■ **Dataset extract**:
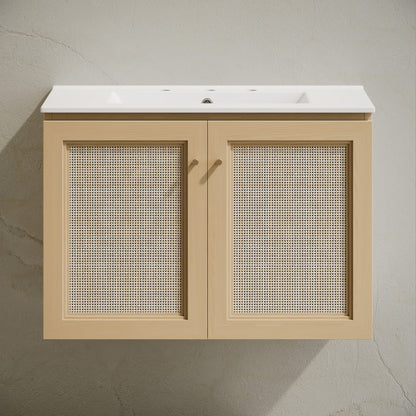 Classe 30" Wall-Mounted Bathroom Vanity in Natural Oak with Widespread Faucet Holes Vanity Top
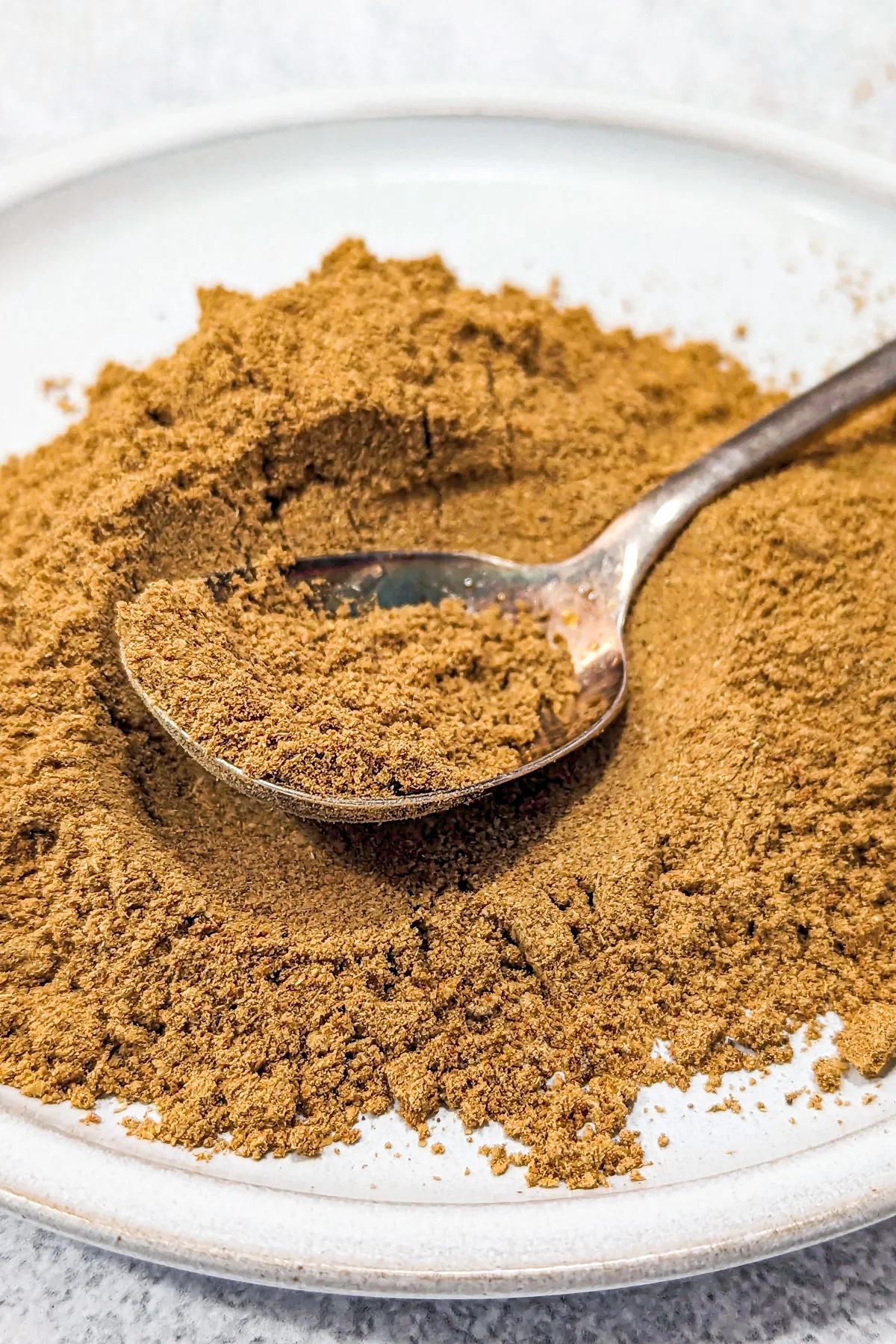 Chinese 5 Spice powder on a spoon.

...

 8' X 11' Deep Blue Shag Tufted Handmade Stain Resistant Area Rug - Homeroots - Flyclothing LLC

■ **The task**:
Go to the line above holding "Holes Vanity Top", then copy exactly each line down to and including the one holding "Chinese 5 Spice powder on a spoon.", leaving pictures out.

■ **Written solution**:
 Classe 30" Wall-Mounted Bathroom Vanity in Natural Oak with Widespread Faucet Holes Vanity Top
 Chinese 5 Spice powder on a spoon.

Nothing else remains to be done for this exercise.